We evaluate model performance using AUC. Importantly, becoming pregnant is inherently a somewhat random process: it is impossible to guarantee a woman will become pregnant in a particular cycle. Consequently, achieving a very high AUC on our task is unlikely to be feasible, and we would not expect AUC to be very high. Nonetheless, we report AUC because it is a standard metric. As a second metric, we compare the probability ppreg that a user will log a positive pregnancy test after a cycle for the users in the top 10% of predicted pregnancy probabilities and users in the bottom 10% of predicted probabilities. (Note that ppreg is the true, not the predicted, probability of a positive pregnancy test.) However, the goal of fertility counseling is not to guarantee a woman will get pregnant in a particular cycle, but rather that over some reasonable time period (eg, 6 cycles) she has a good chance of becoming pregnant if she continues her current pattern of behavior. Thus, we also compute the 6-cycle probability of becoming pregnant, assuming that each cycle contributes independently to the probability of pregnancy and that woman continues her current pattern of behavior. For example, if a woman’s single-cycle ppreg is 0.2, her six-cycle ppreg is 1 – (1 – 0.2)6.
Results.
The LSTM with user embeddings has the highest AUC (0.67) (Table 2). This model is able to meaningfully stratify users by their probability of getting pregnant: for example, the top 10% of users have an 89% chance of pregnancy over 6 cycles, whereas the bottom 10% have only a 27% chance. While the other three models have somewhat lower AUCs, all four models usefully stratify users by pregnancy probability. The BMS model slightly worsens LSTM performance, possibly because of the more restrictive assumptions of its probability model – that is, that the overall probability of not getting pregnant in a cycle is the product of the probabilities of not getting pregnant on each cycle day. This demonstrates that traditional fertility models may not yield optimal predictive performance on mobile health datasets.
Table 2:
Predictive performance of all models. The third column provides the probability a pregnancy test is positive for users in the top 10% vs bottom 10% of pregnancy risk; the fourth column provides the probability over six cycles.

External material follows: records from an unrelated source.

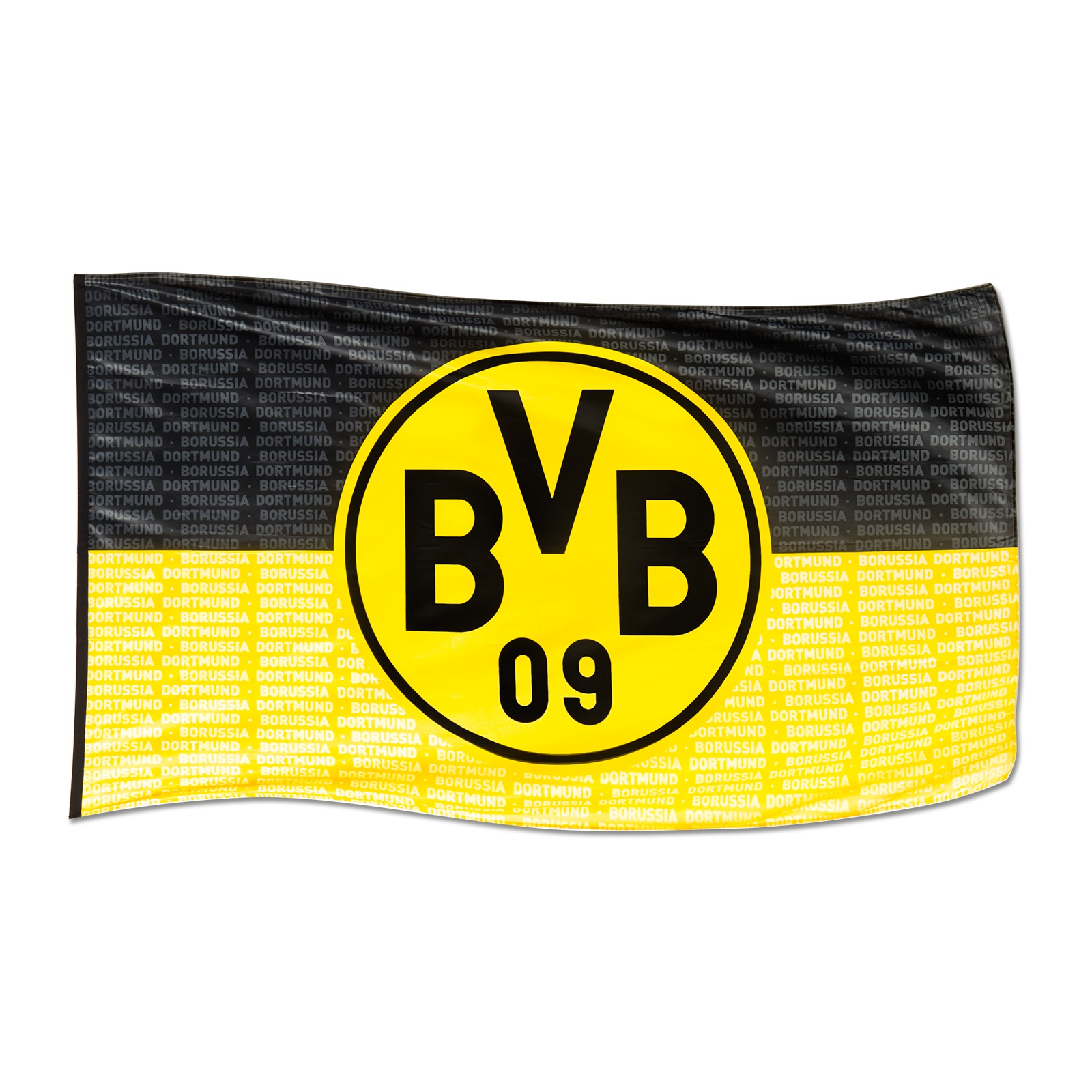 Bvb Hoistable Flag Borussia Dortmund 250 X 150 Cm Sundries Souvenirs Bvb Onlineshop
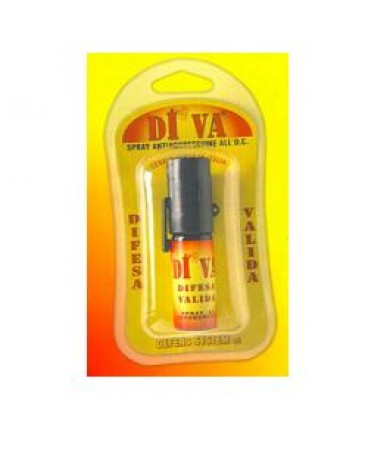 DIVA SPRAY ANTIAGGRES 15ML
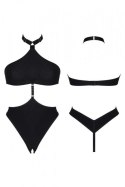Bielizna-LadyX Nita M - body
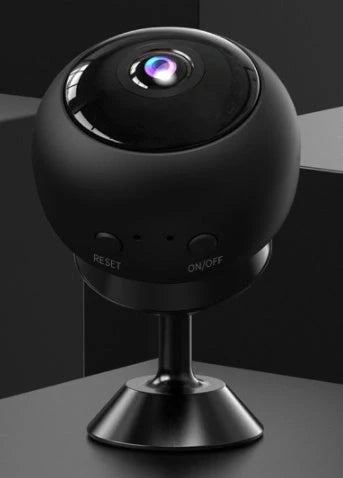 1080P HD Wifi Mini IP Camera with night vision and motion detection for home security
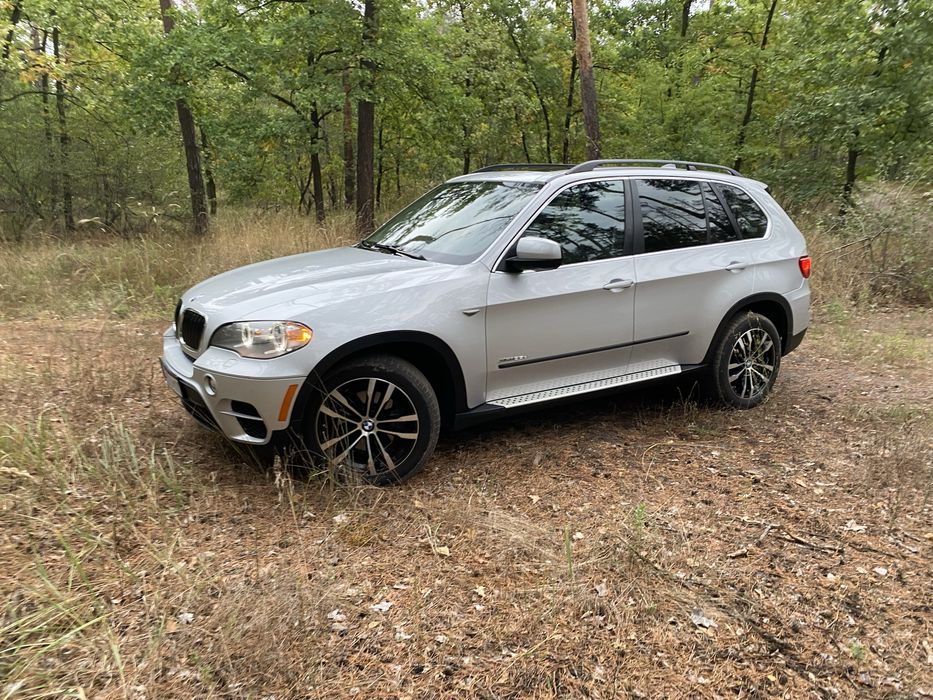 BMW X5 E70 35d M57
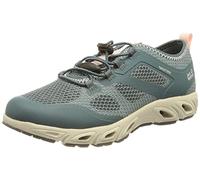 Jack Wolfskin Damen Breezer Vent Low W Sneaker, Bluish Grey/Rose, 37 EU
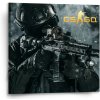 Sablio Obraz CS:GO Vojak 1 - 50x50 cm
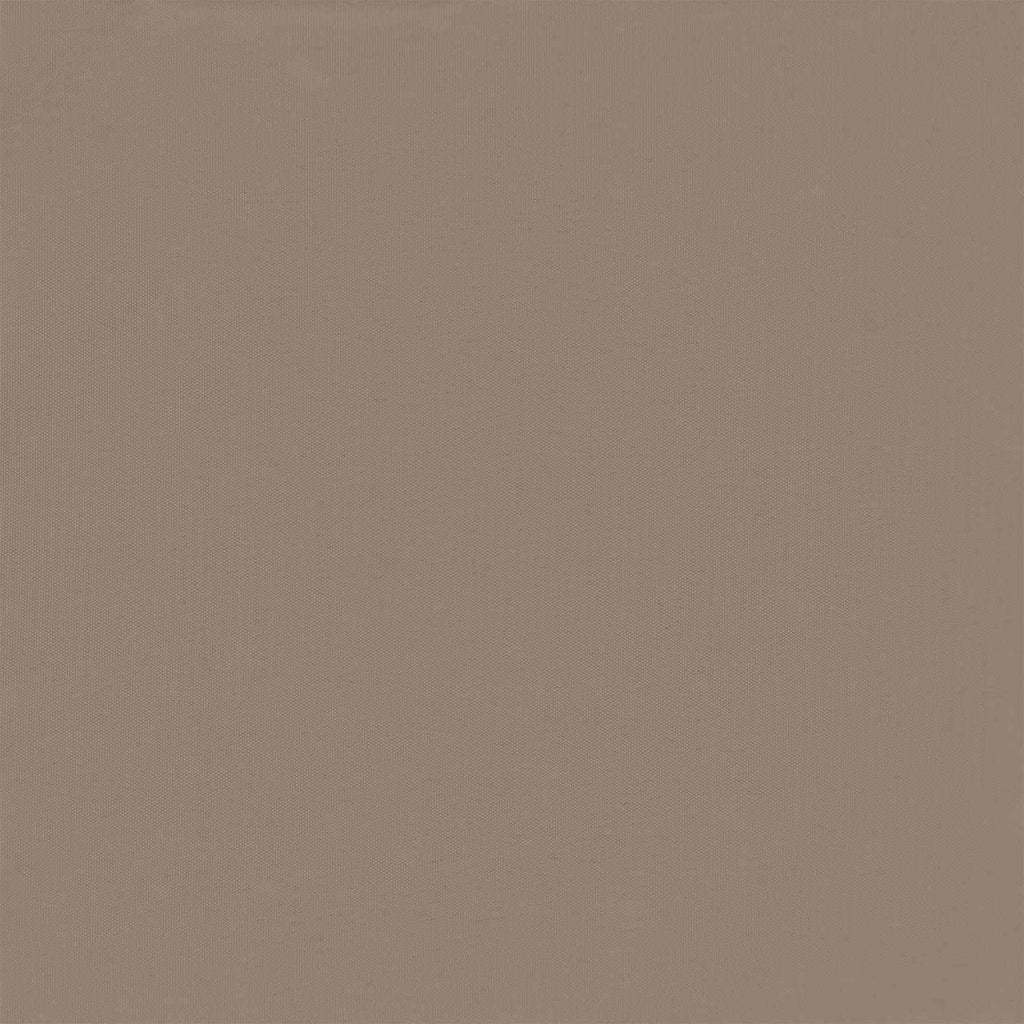 Sonnensegel Taupe 6 x 2,5 m 100 % Polyester Oxford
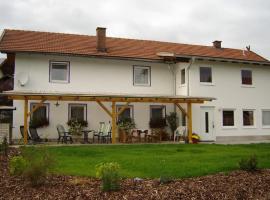 Ferienhaus Kammern，位于巴特克茨廷的酒店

| Model | AUC | Single cycle ppreg | Six cycle ppreg |
|---|---|---|---|
| Logistic regression | 0.63 | 28% vs 5% | 86% vs 26% |
| LSTM | 0.65 | 30% vs 4% | 88% vs 23% |
| LSTM + BMS | 0.64 | 29% vs 4% | 87% vs 22% |
| LSTM + user embeddings | 0.67 | 30% vs 5% | 89% vs 27% |
5.2. Interpretability
We next assess whether our models learn interpretable time trends which are consistent with prior fertility research. Because sexual activity is the feature most fundamentally associated with pregnancy, we examine time trends for the three types of sex logged in Clue data: unprotected, protected, and withdrawal sex.
Interpreting the logistic regression model.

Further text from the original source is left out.